# Train Network Using Custom Training Loop

This example shows how to train a network that classifies handwritten digits with a custom learning rate schedule.

You can train most types of neural networks using the `trainnet` and `trainingOptions` functions. If the `trainingOptions` function does not provide the options you need (for example, a custom solver), then you can define your own custom training loop using `dlarray` and `dlnetwork` objects for automatic differentiation. For an example showing how to retrain a pretrained deep learning network using the `trainnet` function, see Retrain Neural Network to Classify New Images.

Training a deep neural network is an optimization task. By considering a neural network as a function $f\left(X;\theta \right)$, where $X$ is the network input, and $\theta$ is the set of learnable parameters, you can optimize $\theta$ so that it minimizes some loss value based on the training data. For example, optimize the learnable parameters $\theta$ such that for a given inputs $X$ with a corresponding targets $T$, they minimize the error between the predictions $Y=f\left(X;\theta \right)$ and $T$.

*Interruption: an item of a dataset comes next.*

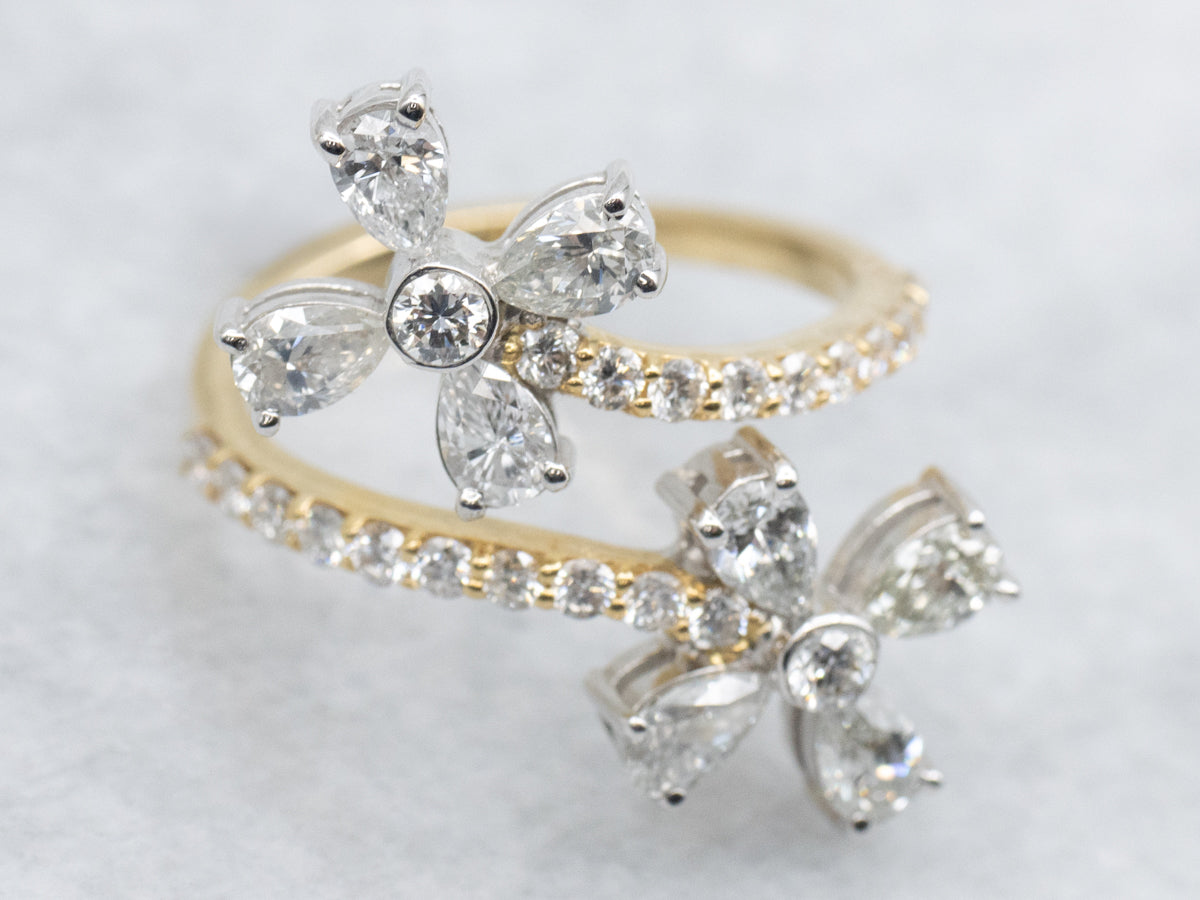 Floral Two-Tone Gold Diamond Bypass Ring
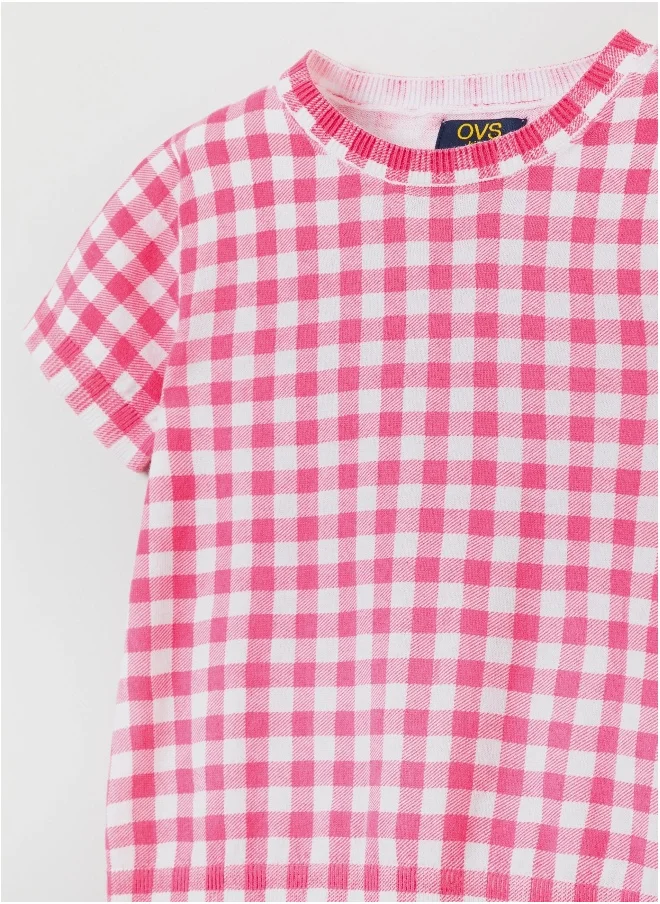 Ovs OVS Jersey T-Shirt With Gingham Pattern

The loss function used depends on the type of task. For example:

• For classification tasks, you can minimize the cross entropy error between the predictions and targets.

• For regression tasks, you can minimize the mean squared error between the predictions and targets.

You can optimize the objective using gradient descent: minimize the loss $L$ by iteratively updating the learnable parameters $\theta$ by taking steps towards the minimum using the gradients of the loss with respect to the learnable parameters. Gradient descent algorithms typically update the learnable parameters by using a variant of an update step of the form ${\theta }_{t+1}={\theta }_{t}-\rho \nabla L$, where $t$ is the iteration number, $\rho$ is the learning rate, and $\nabla L$ denotes the gradients (the derivatives of the loss with respect to the learnable parameters).

This example trains a network to classify handwritten digits with the stochastic gradient descent algorithm (without momentum).

Load the digits data as an image datastore using the `imageDatastore` function and specify the folder containing the image data.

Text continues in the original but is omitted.